### Provided material
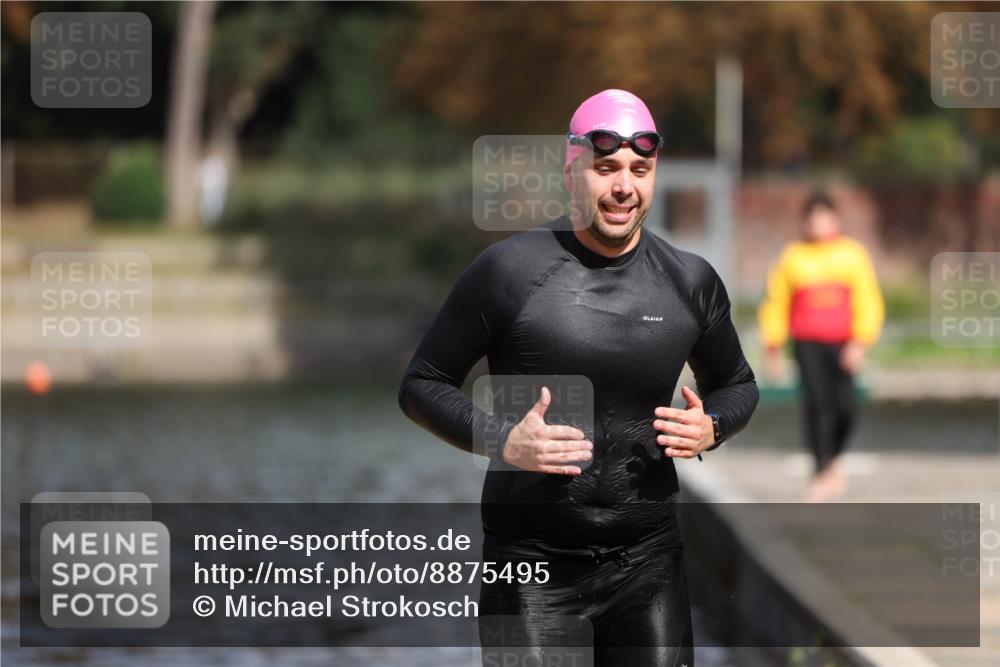 14.09.2025 - Stadtparktriathlon Michael Strokosch http://msf.ph/oto/8875495 14.09.2025 12:56:14 Schwimmen 1520 meine-sportfotos.de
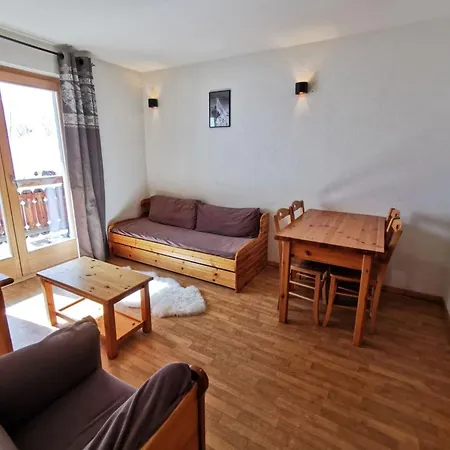 Inviting Near Village Center Daire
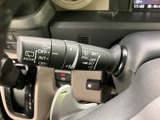 前後のワイパーに関する表示がレバーにまとめられ、操作位置を確認しやすい仕様です。雨天時など視界の確保が必要な場面でも、手元で扱いやすく日常の運転に役立ちます。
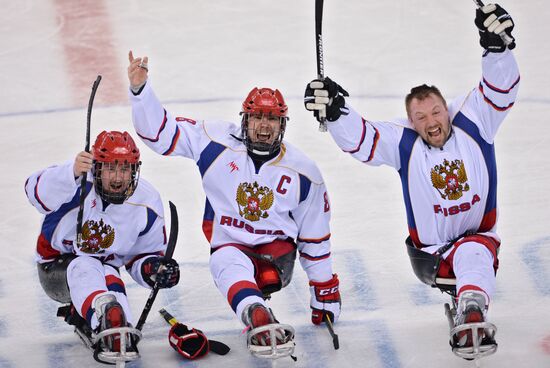 2014 Winter Paralympics. Ice sledge hockey. USA vs. Russia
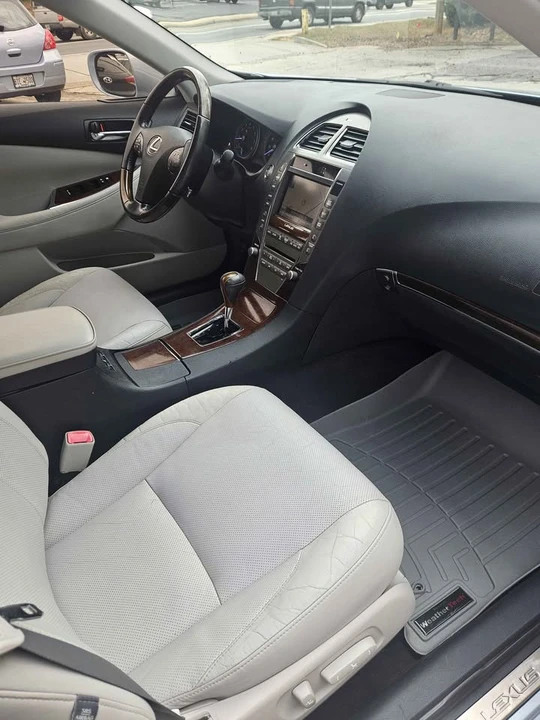 2011 Lexus ES 5th Gen - Image 6 of 20
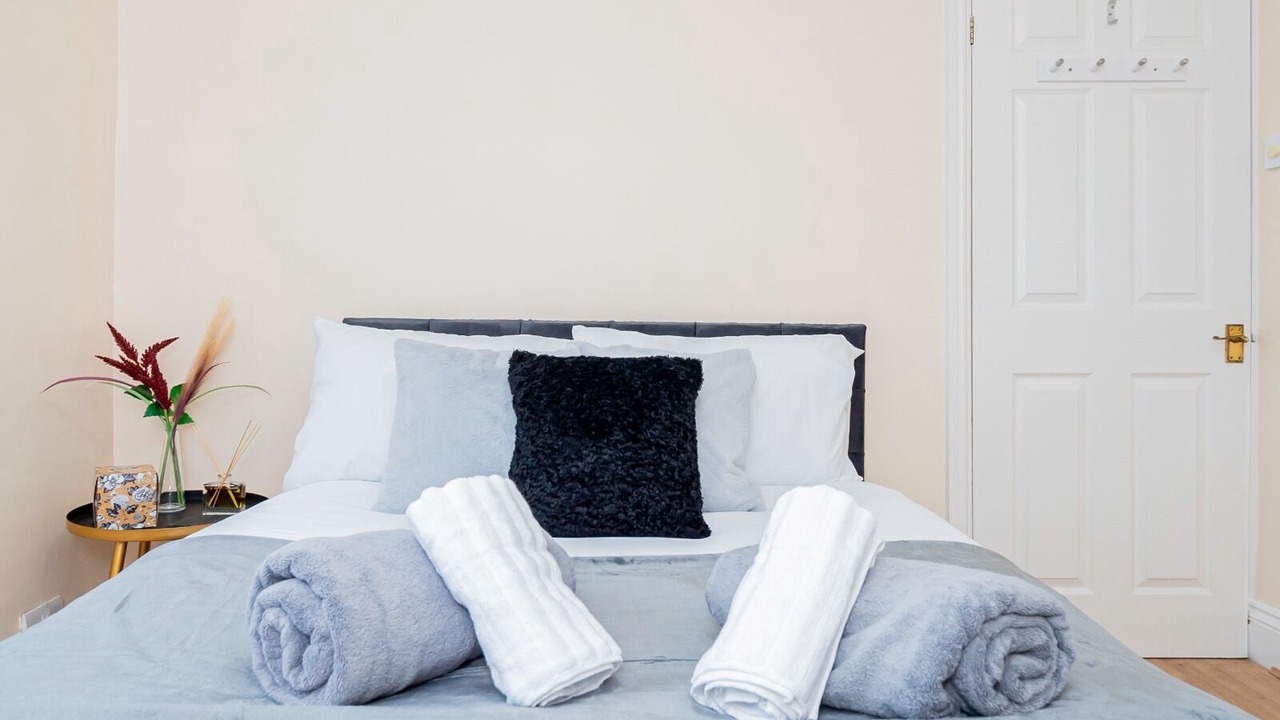 Photo of Bedroom in Marston Green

### Work task
Only an exact, picture-free copy of the entries counts as the answer.

### The completed task
 14.09.2025 - Stadtparktriathlon Michael Strokosch http://msf.ph/oto/8875495 14.09.2025 12:56:14 Schwimmen 1520 meine-sportfotos.de
 Inviting Near Village Center Daire
 前後のワイパーに関する表示がレバーにまとめられ、操作位置を確認しやすい仕様です。雨天時など視界の確保が必要な場面でも、手元で扱いやすく日常の運転に役立ちます。
 2014 Winter Paralympics. Ice sledge hockey. USA vs. Russia
 2011 Lexus ES 5th Gen - Image 6 of 20
 Photo of Bedroom in Marston Green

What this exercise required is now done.